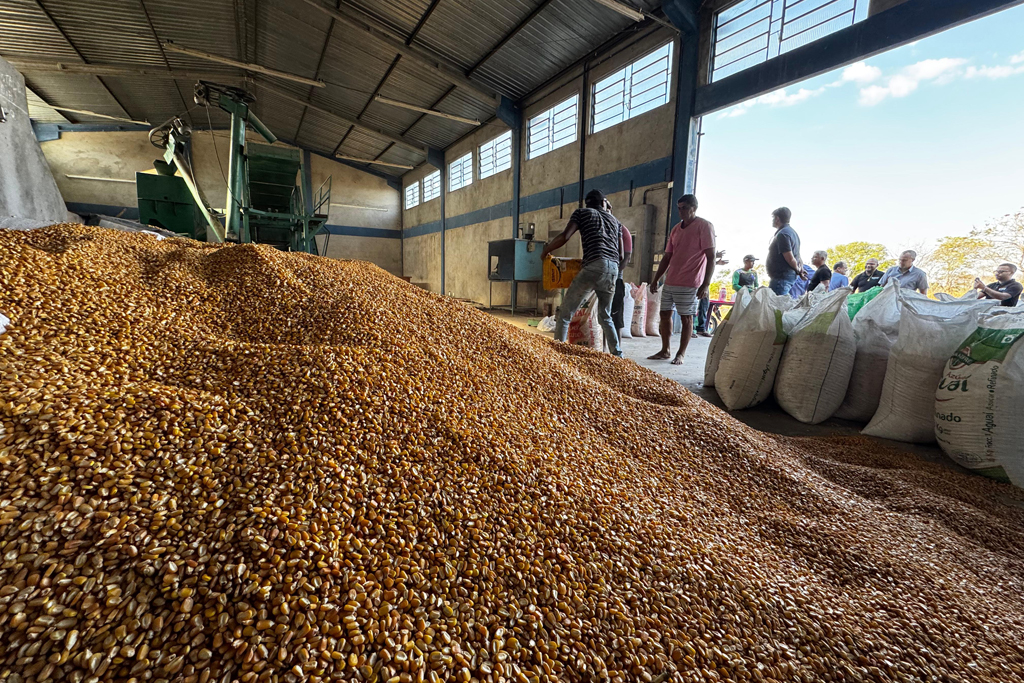 Prefeitura de Corumbá confirma investimento de R$ 600 mil na agricultura familiar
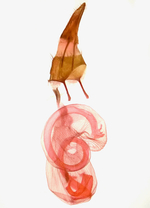 Female genitalia; Madison County; Jim Petranka.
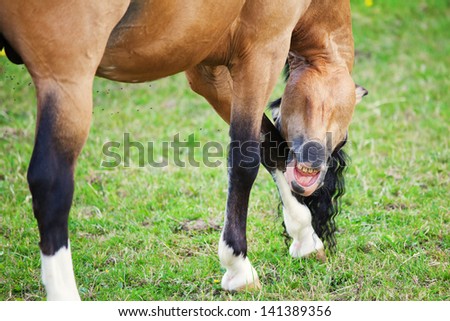 Welsh Cob pony is scratching itself with the head at the leg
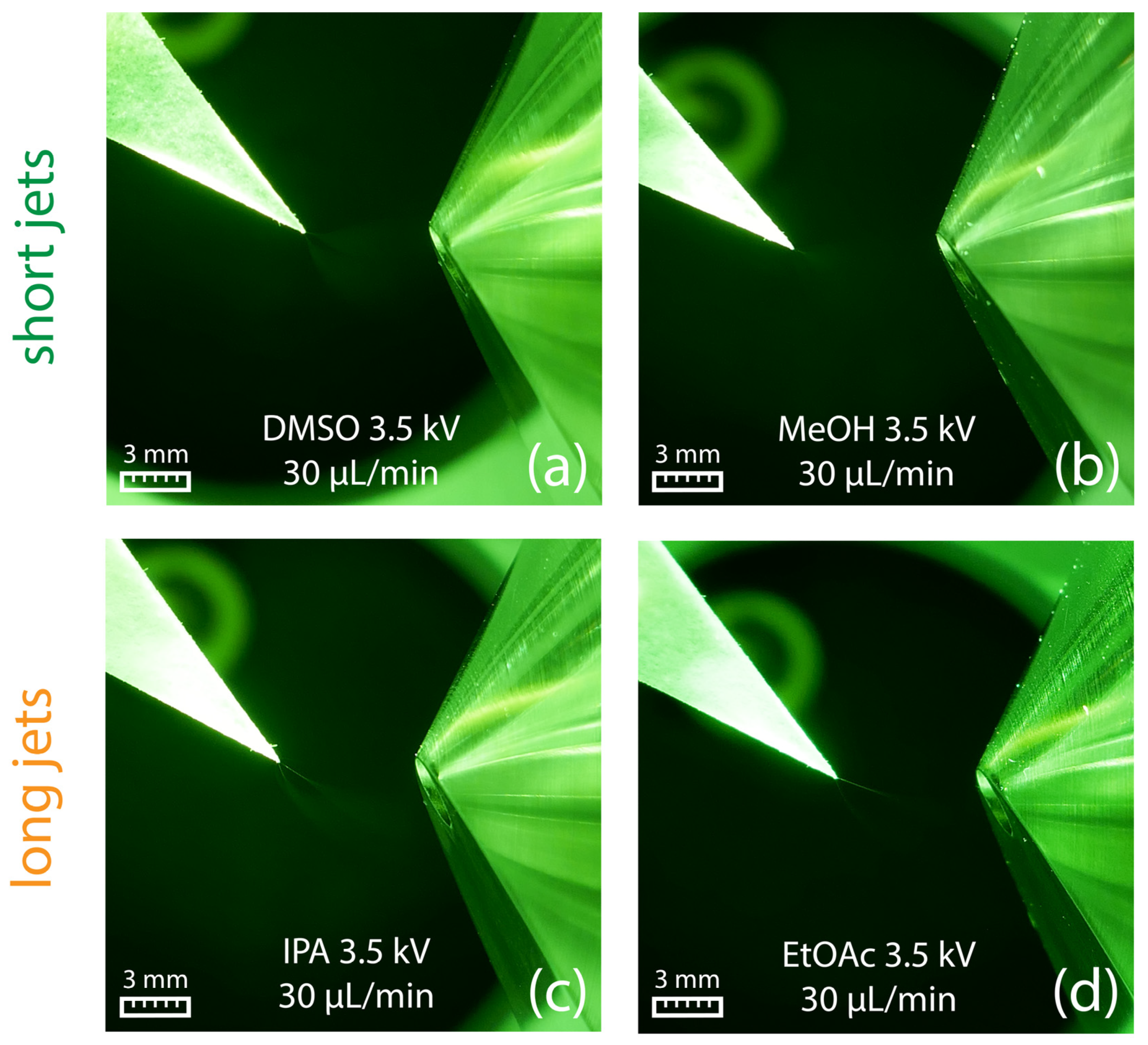 Molecules 29 04274 g009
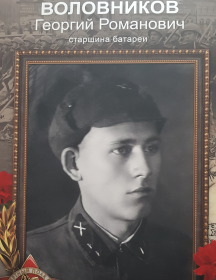 Воловников Георгий Романович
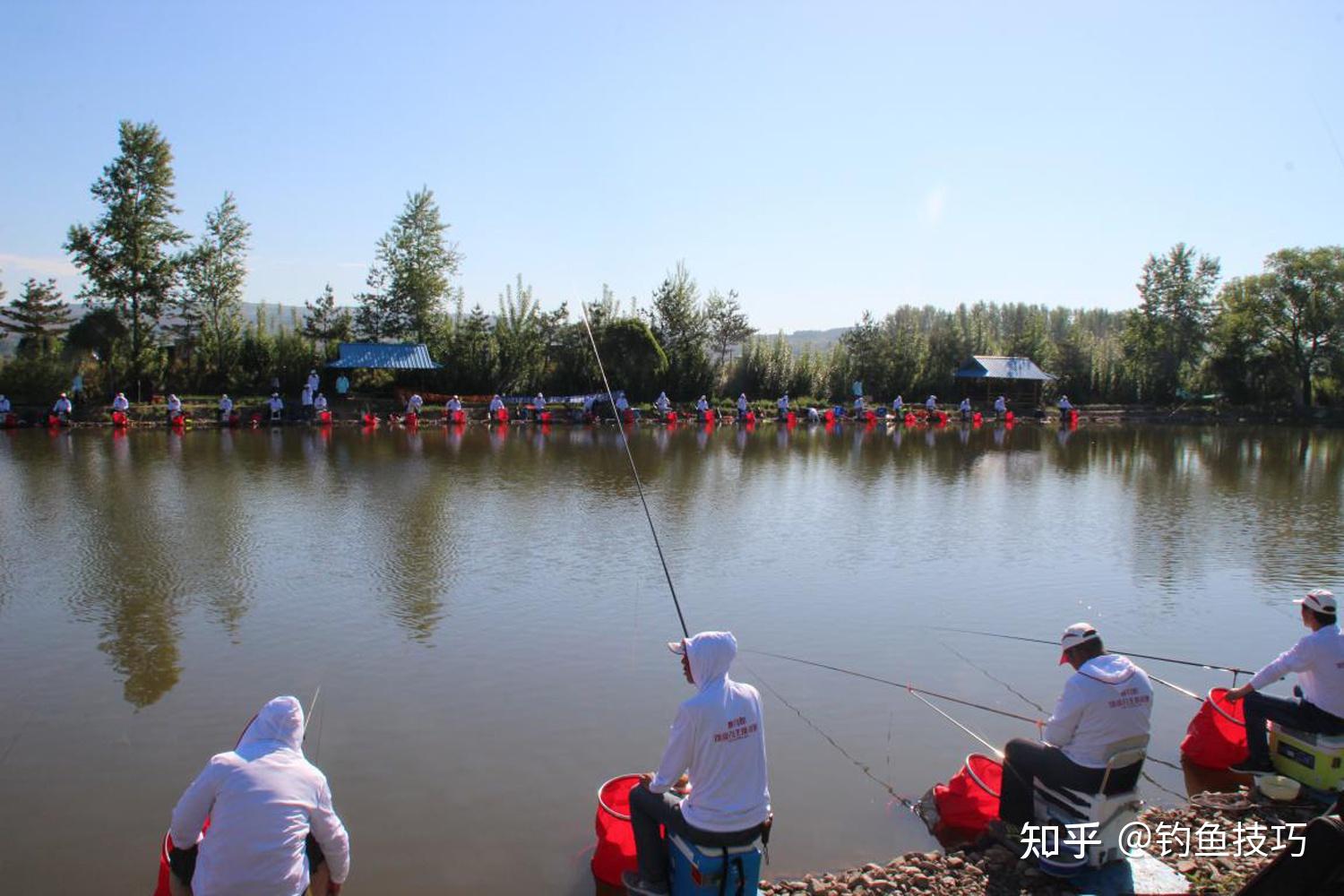 诱鱼容易留鱼难,学会黑坑钓鱼技巧留鱼篇,不再只是十分钟爆
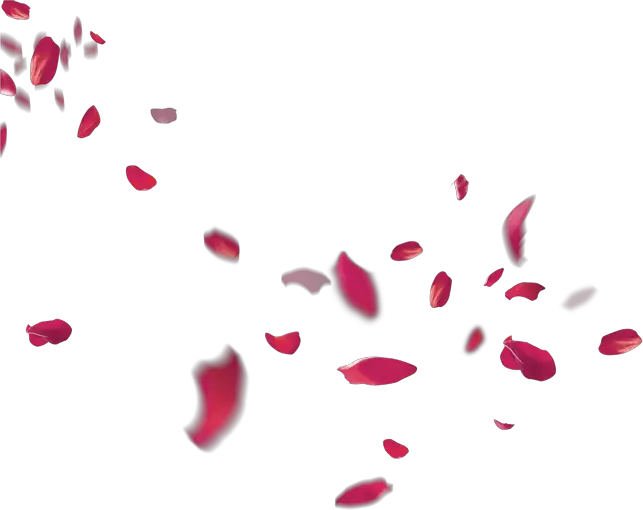 Petal Flower Beach Transprent Falling Rose Petals Png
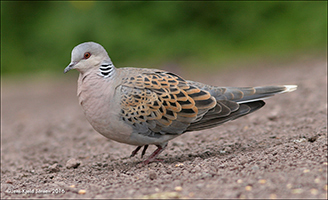 Turtildúgva / Streptopelia turtur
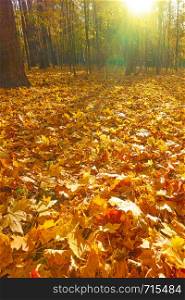 Autumn park - Maple trees and yellow fallen leaves. Autumn landscape, space for text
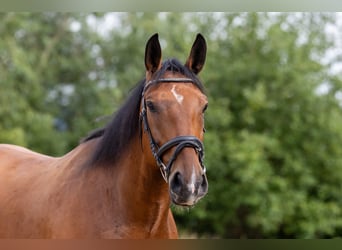 Polnisches Sportpferd, Wallach, 9 Jahre, 168 cm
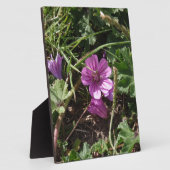 Lila Kranesbill Fotoplatte (Seite)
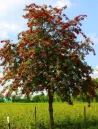 Sorbus-aucuparia-edulis-port.jpg
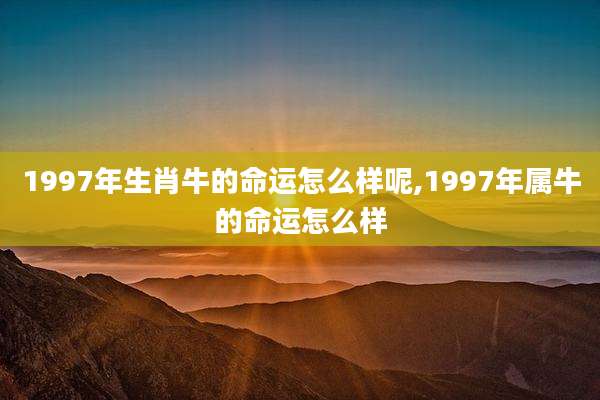 1997年生肖牛的命运怎么样呢,1997年属牛的命运怎么样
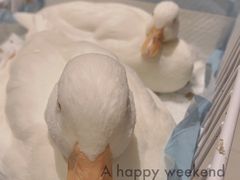 -怪兽屋·羊驼·猫咖·狗咖(俊华广场店)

**YOUR ASSIGNMENT:**
Reproduce exactly the lines above starting at the line containing "Welsh Cob pony" and ending at the line containing "Turtildúgva / Streptopelia turtur", including both, but not the pictures.

**TASK RESPONSE:**
 Welsh Cob pony is scratching itself with the head at the leg
 Molecules 29 04274 g009
 Воловников Георгий Романович
 诱鱼容易留鱼难,学会黑坑钓鱼技巧留鱼篇,不再只是十分钟爆
 Petal Flower Beach Transprent Falling Rose Petals Png
 Turtildúgva / Streptopelia turtur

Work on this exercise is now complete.